Los profetas se esforzaron para que la práctica del ayuno sea una expresión sincera de arrepentimiento y de conversión de vida (Is 58,5-7). Y en la misma línea se mueve la predicación de Jesús (Mt 6,16-18) y (Mt 9,14-15).

El ayuno ha jugado un gran papel en la espiritualidad cristiana a lo largo de los siglos, junto con la abstinencia de carnes y la austeridad de vida. En la tradición monástica gran parte del año estaba marcada por estas prácticas, como expresión de la conversión constante al Evangelio.

Hoy en día el ayuno, la abstinencia y la austeridad no tienen buen predicamento, ya que se oponen a la ideología del consumo. Nuestra vida económica y social se basa en el consumo: éste activa la producción y los servicios, y, por lo tanto, activa los beneficios y favorece la ocupación, todo lo cual genera bienestar que, a su vez, impulsa a un mayor consumo.

Pero el Evangelio no predica el consumo sino, por el contrario, la austeridad (Flp 4,11b-13) y (1Tim 6,7-9a.10-11). El ayuno y la austeridad piden disciplina personal, la misma disciplina del atleta que corre tras el premio, aunque perecedero (1Cor 9,25-27).

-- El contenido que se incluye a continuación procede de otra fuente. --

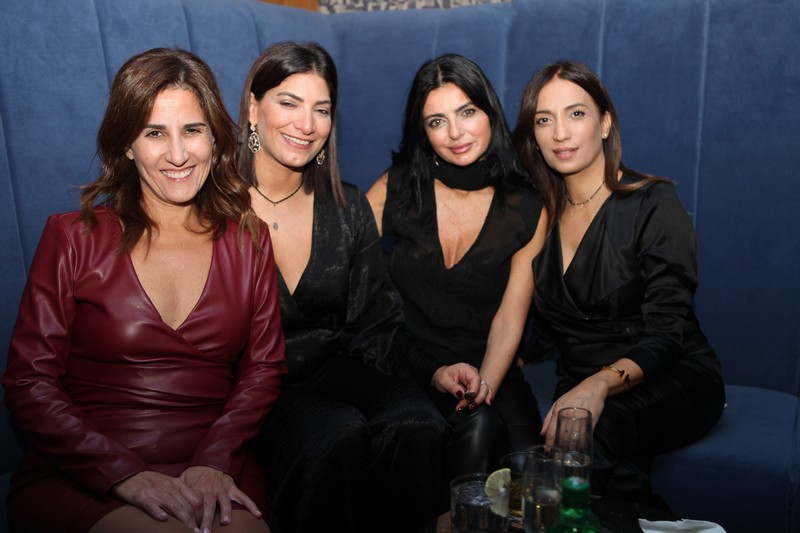 Tete a tete Event at Casino du Liban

El ayuno, la sobriedad, la austeridad de vida… ayudan a vaciar el corazón de falsas necesidades y a centrarlo, en cambio, en la búsqueda del Reino y su justicia (cf. Mt 5). La austeridad nos hace vivir la bienaventuranza de los pobres de espíritu que ponen su corazón sólo en Dios y, por ello, pueden vivir enteramente libres como profetas al servicio del Evangelio en medio del mundo. Lo comprendieron los apóstoles y los primeros misioneros cristianos, y también lo hacemos nosotros, testigos del Evangelio en un mundo de consumo.